(GIVEN DATA begins)

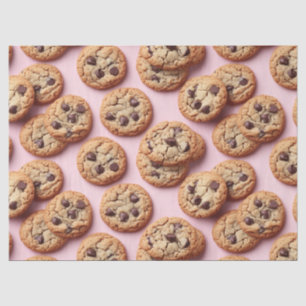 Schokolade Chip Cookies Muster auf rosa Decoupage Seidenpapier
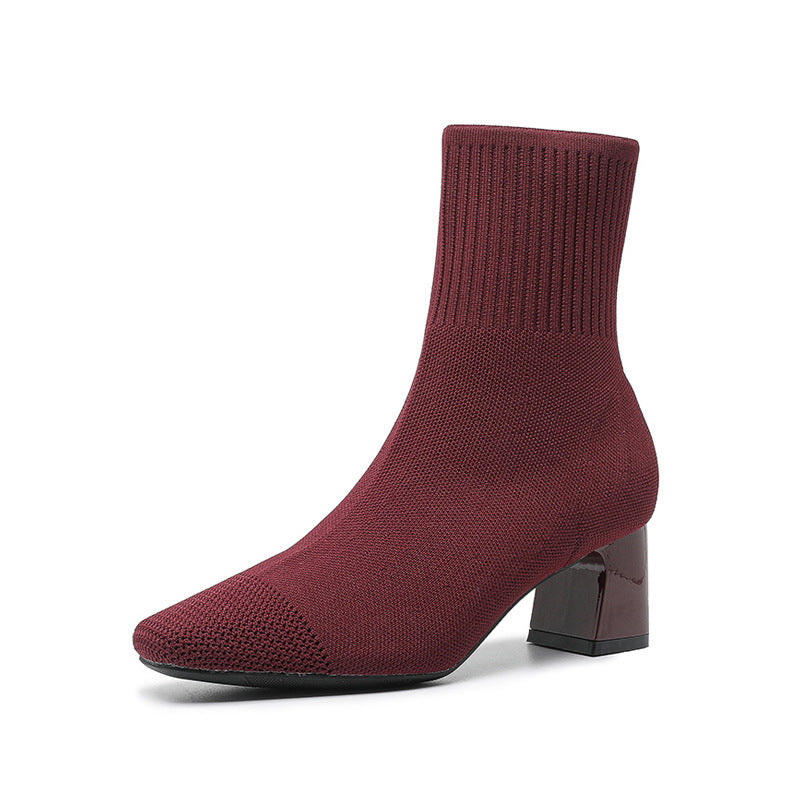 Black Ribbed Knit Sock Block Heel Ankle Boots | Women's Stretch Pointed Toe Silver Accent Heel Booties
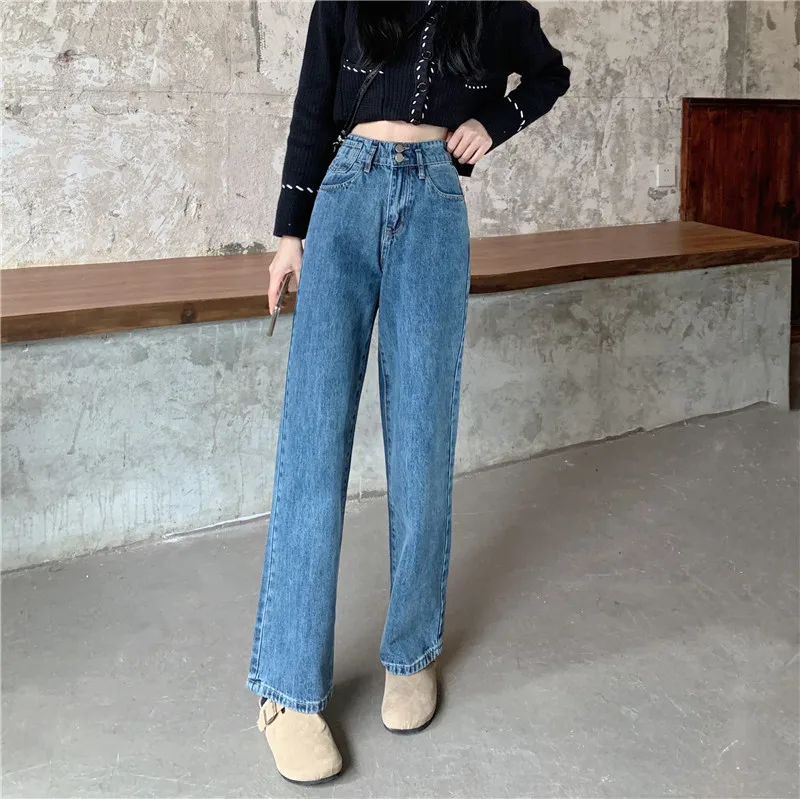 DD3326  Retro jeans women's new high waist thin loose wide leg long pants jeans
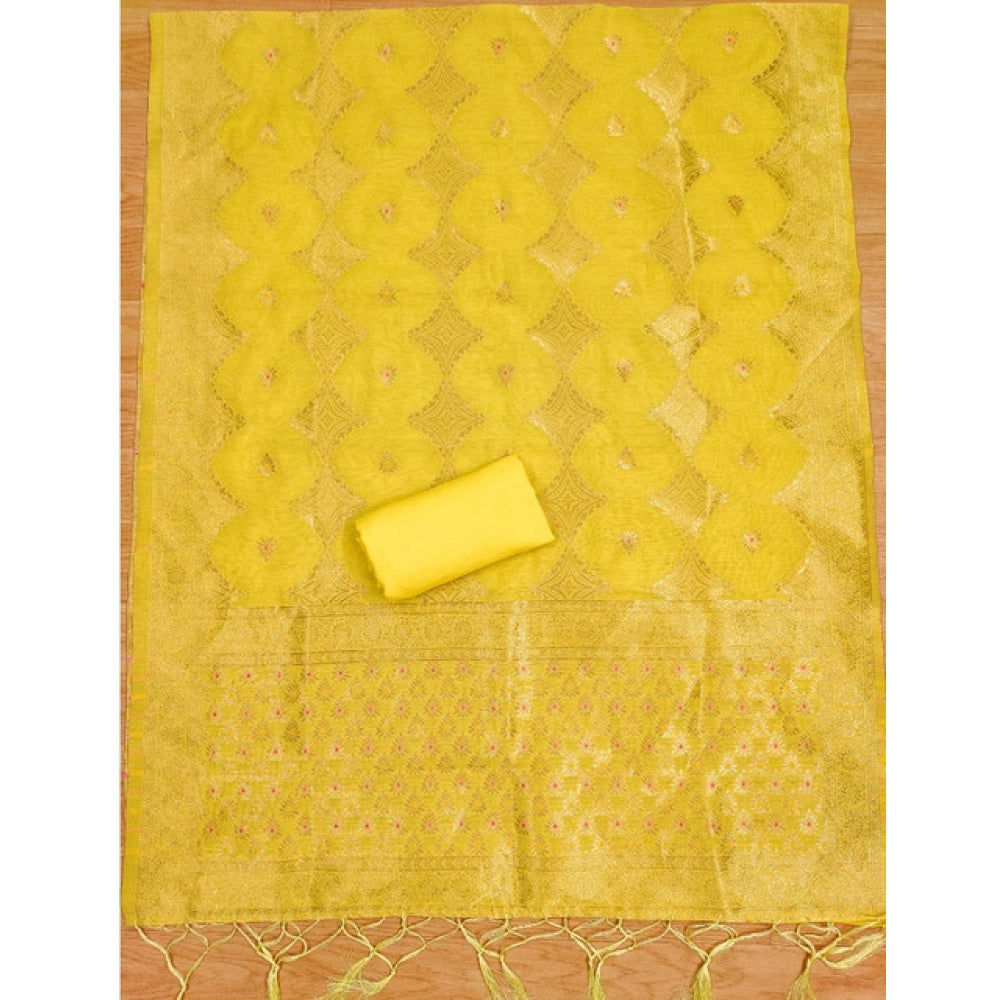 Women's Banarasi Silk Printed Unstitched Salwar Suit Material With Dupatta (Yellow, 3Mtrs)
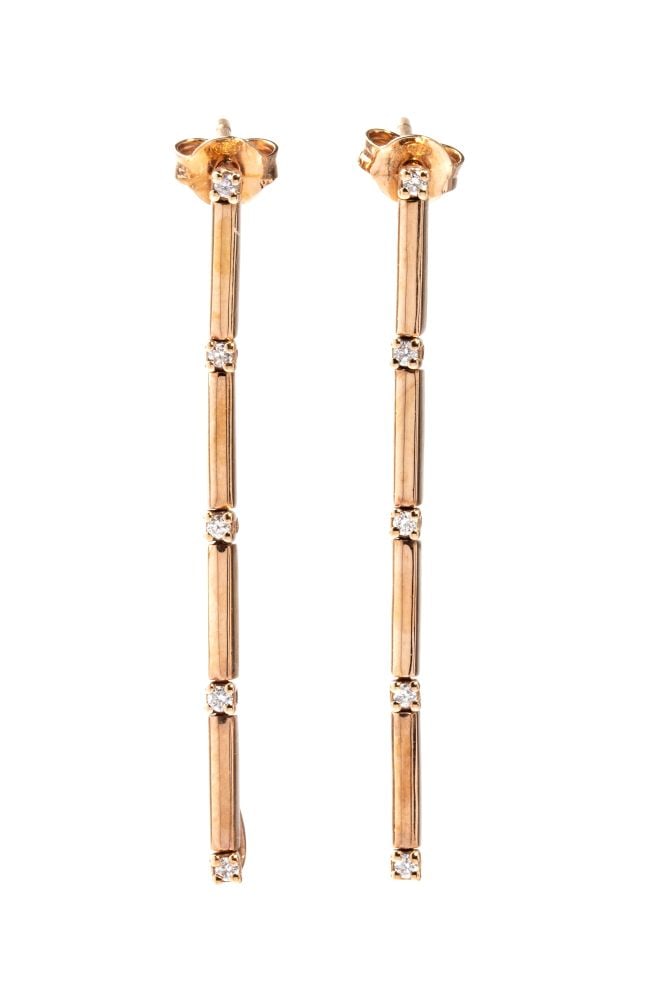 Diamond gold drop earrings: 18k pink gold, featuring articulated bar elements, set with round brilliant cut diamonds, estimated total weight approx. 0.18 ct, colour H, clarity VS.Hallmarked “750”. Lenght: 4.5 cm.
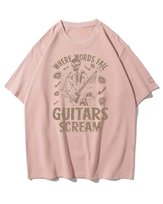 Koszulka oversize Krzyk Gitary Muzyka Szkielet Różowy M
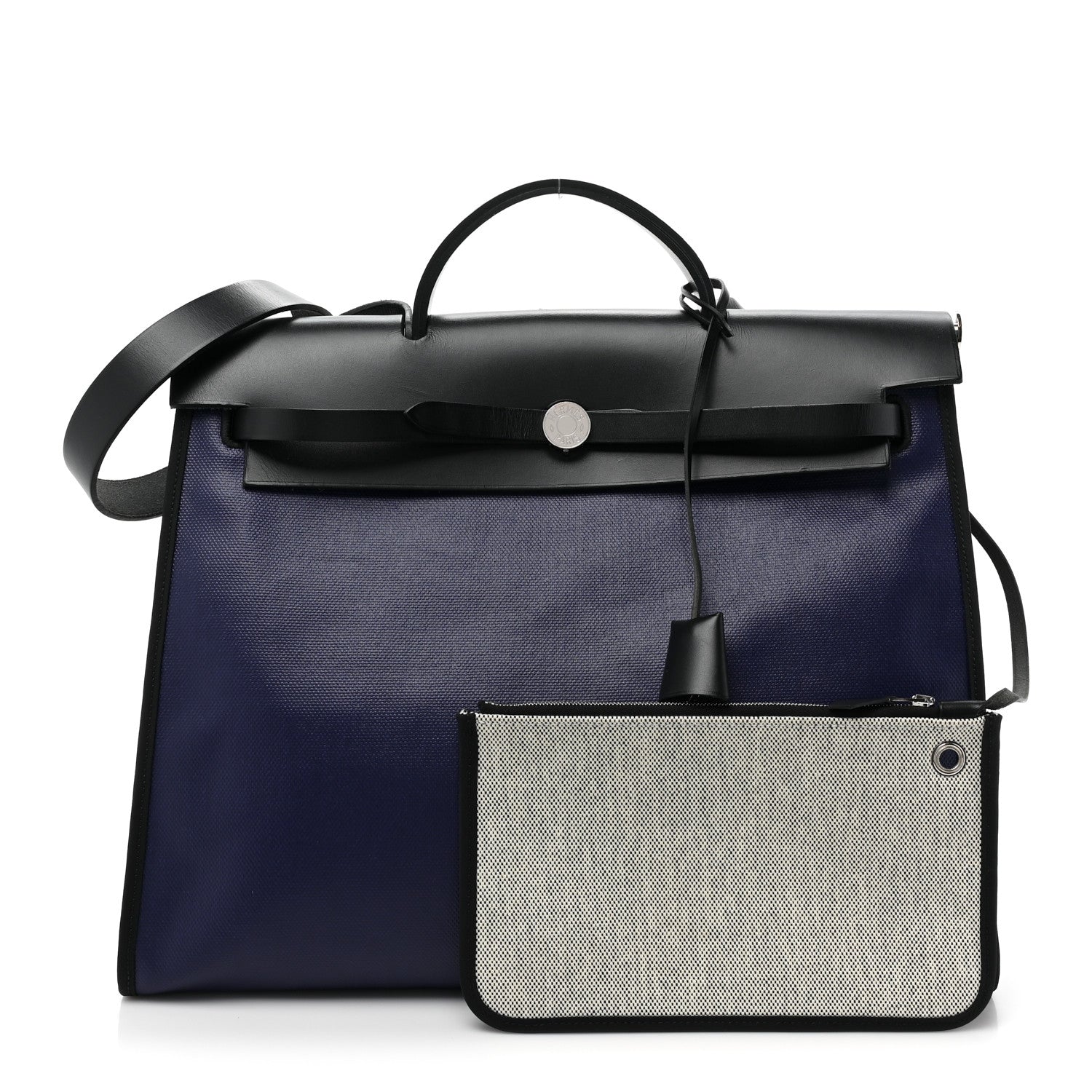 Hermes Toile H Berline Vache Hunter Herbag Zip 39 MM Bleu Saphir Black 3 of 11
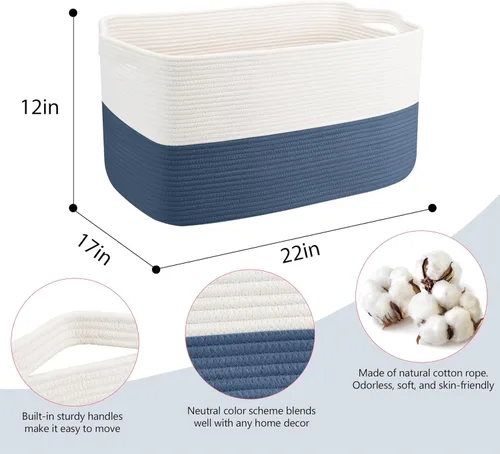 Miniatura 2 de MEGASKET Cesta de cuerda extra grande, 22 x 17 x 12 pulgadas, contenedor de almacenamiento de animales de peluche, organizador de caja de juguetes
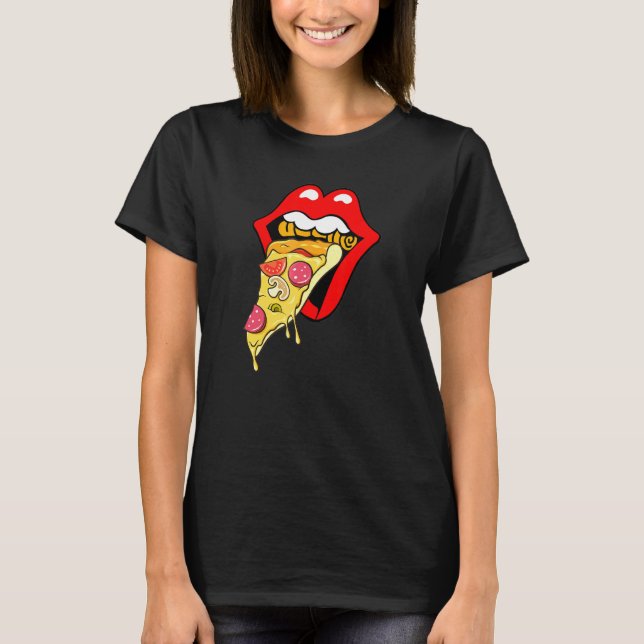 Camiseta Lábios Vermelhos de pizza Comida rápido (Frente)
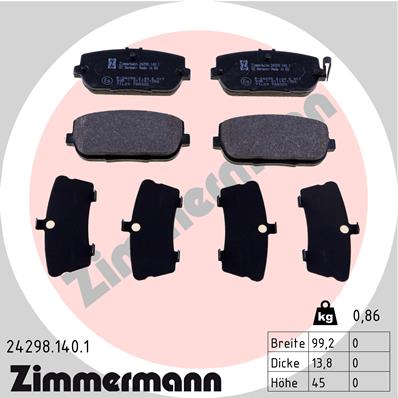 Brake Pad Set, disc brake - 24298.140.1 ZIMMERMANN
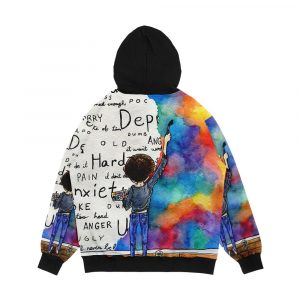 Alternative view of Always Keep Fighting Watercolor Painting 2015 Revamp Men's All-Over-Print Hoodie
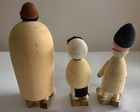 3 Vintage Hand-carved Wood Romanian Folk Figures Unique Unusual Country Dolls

(GIVEN DATA ends)

» **WORK INSTRUCTIONS**
Quote exactly, and only, the lines from the line containing "Alternative view of" through the final line of the records above, both included, omitting any pictures.

» **SOLUTION TO THE EXERCISE**
 Alternative view of Always Keep Fighting Watercolor Painting 2015 Revamp Men's All-Over-Print Hoodie
 3 Vintage Hand-carved Wood Romanian Folk Figures Unique Unusual Country Dolls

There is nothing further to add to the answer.